New York State and Long Island, in particular, are becoming the hub of wind energy. The breeze you feel when you walk on the beach could soon be lighting your home and powering your computer.

“We’re uniquely positioned to have this resource offshore,” Dignan said. “Globally, we’re the hotspot for offshore wind energy.” 

The first offshore wind farms went up in the early 1990s in Europe, with land-based wind turbines repurposed for offshore. “Projects are getting bigger and more efficient. Costs have come down dramatically,” Zalcman said. “Offshore wind is cost competitive with conventional generation and other renewables.”

New York is hoping to ride the wind, possibly because it faces high energy costs. Long Island has a large population and a source of plentiful wind may make this the perfect location for wind power.

“The demand is historic for the American offshore wind industry. We’re anchoring the offshore wind market in New York,” Dignan said. “We have the nation-leading goal in New York of 9,000 megawatts by 2035.”

A 2020 Wood Mackenzie report said wind power should generate “tens of thousands of jobs and billions of dollars in capital investment,” including 80,000 jobs per year from 2025 to 2035. Turbine manufacturing and supply will generate 31,000 jobs per year, including 16,000 for manufacturing, according to the report.

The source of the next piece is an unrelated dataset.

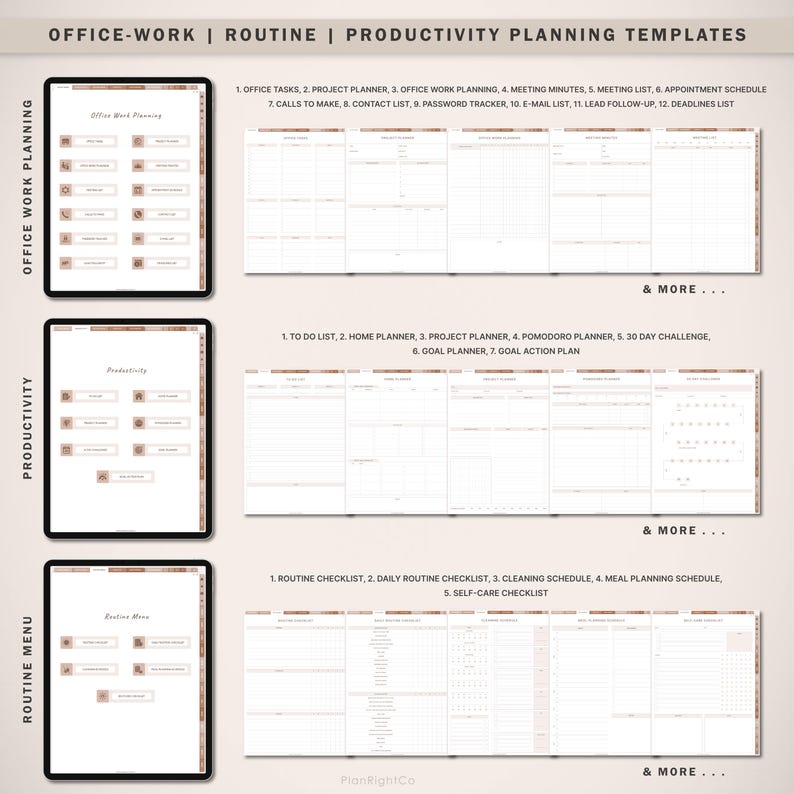 Op de afbeelding: Digitale productiviteitsplanning templates weergegeven op tablets. De afbeelding toont templates voor kantoorwerk, productiviteit en routinemenus. Elke sectie bevat verschillende planningstools zoals takenlijsten, projectplanners en checklists. De tekst bevat "Office-Work | Routine | Productivity Planning Templates."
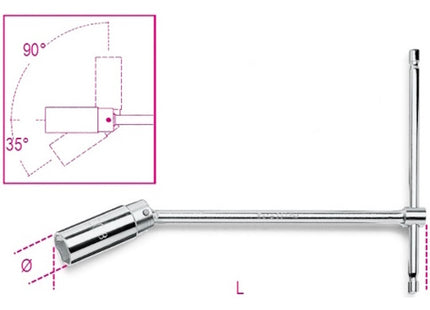 BETA   957 CHIAVE A T CON BUSSOLA SNODATA PER CANDELE D&apos;ACCENSIONE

“It’s not only construction and installation,” Dignan added. “It’s operation and maintenance. It’s the manufacturing and the need for a domestic and secure supply chain.”

Ørsted and Eversource partnered with Dominion Energy for the construction of the first U.S.-flagged specialized installation vessel, being built in Texas. “It’s a half a-billion-dollar project,” Zalcman said. “We’re seeing that throughout the supply chain.”

He said it makes sense to build massive equipment near projects rather than overseas. And state programs are incentivizing developers to manufacture in the United States

“As these projects move from conception to steel in the water, we’re seeing investment in ports and harbors and manufacturing taking place domestically,” Zalcman said. “That’s being driven by economics.”

Local ports also will get investment. Port Jefferson is slated to be the home of Ørsted’s Northeast operations and maintenance facility, including the Sunrise Wind project.

“There will be a special operation vessel, like a floating hotel for the operation and maintenance crew,” Zalcman said. “That’ll be home-ported in Port Jefferson.”

The South Brooklyn marine terminal is slated to be used by the developers of the Empire Wind and Beacon Wind projects by Norwegian company Equinor. 

Wind farms also are fueling manufacturing. In January, New York Gov. Kathy Hochul keynoted an event at the port of Albany, future home of Marmen Welcon’s manufacturing facility for turbine towers.

While wind has a lot of benefits, it brings some challenges and drawbacks as well. Zalcman said that transmission could become an issue for Long Island offshore, unless upgrades are made to the onshore grid. And then there are what he called “stakeholder issues” such as NIMBY concerns about “ensuring productive coexistence between offshore wind and commercial fishing,” although those can be solved, he said.

Hydropower already supplies much of New York’s power. Wind sweeping over water could come next.

“We’ve got to get this energy around the state too,” Dignan said, noting that power generated by wind could be transmitted statewide. “There’s a ton of work upgrading the grid.”